R and Vertica

I’ve been spending the last few months working my way through the integration of R and Vertica, and will try to keep here things that I find handy. I’m quite sad to see there is not much about this Vertica feature on the web, that’s a little disappointing. But, it didn’t stop us from creating a scalable statistical model learning machine out of this feature (I will write about it in later posts…).

For those of you who don’t know HP Vertica, it is a powerful columnar DBMS.  I’ve worked with two installations of it and me and my colleagues are very impressed with it. For those of you who are familiar with PostgreSQL, you will find many things similar  as both products were invented by the same guy.

That’s all the intro I’m going to give since we pay them and not the other way around 🙂

I suggest people reading this post to read through the chapter called “Developing a User Defined Function in R” in “HP Vertica 6.1.x (or higher) Programmer’s Guide” I hope you are familiar in vsql and R.

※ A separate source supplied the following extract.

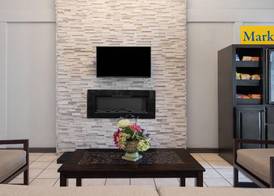 Days Inn by Wyndham College Park Airport Best Road 4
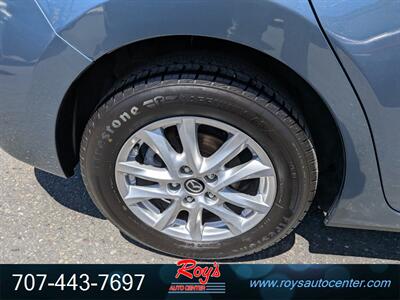 2014 Mazda Mazda3 i Touring   - Photo 9 - Eureka, CA 95501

Short example – normal inverse function in Vertica

Vertica and R communicate via User Defined Functions (UDFs) that are written in the R language. The columns selected in Vertica are passed to R as a data.frame, the functions must treat their main argument as a data.frame. Here is an example that creates an inverse normal CDF function, x is the data.frame passed from Vertica, in this case it is a 3-column data.frame with the percentile, mean and standard deviation.

# normal inverse
norm_inv <- function(x) { # 1 - percentile, 2 - mean, 3 - sd
apply(x,1,function(i) qnorm(p=i[1L],mean=i[2L],sd=i[3L]))
}

norm_invFactory <- function() { # this is the factory function that 'links' between R and Vertica
list(
name=norm_inv
,udxtype=c("scalar")
,intype=c("float","float","float")
,outtype=c("float")
)
}

You create the file above and place somewhere on your machine, then load this function to the Vertica database :


MyDB=> CREATE LIBRARY r_func AS '/home/dbadmin/norm_inverse.R' LANGUAGE 'R';

MyDB=> CREATE FUNCTION norm_inv AS NAME 'norm_invFactory' LIBRARY r_func;

MyDB=> select norm_inv(.25,0,1);
norm_inv
--------------------
-0.674489750196082
(1 row)

More about User Defined Functions

Imagine being able to implicitly parallelize an R function across an infinite amount of segments and data. This is basically the promise behind the R language package for Vertica.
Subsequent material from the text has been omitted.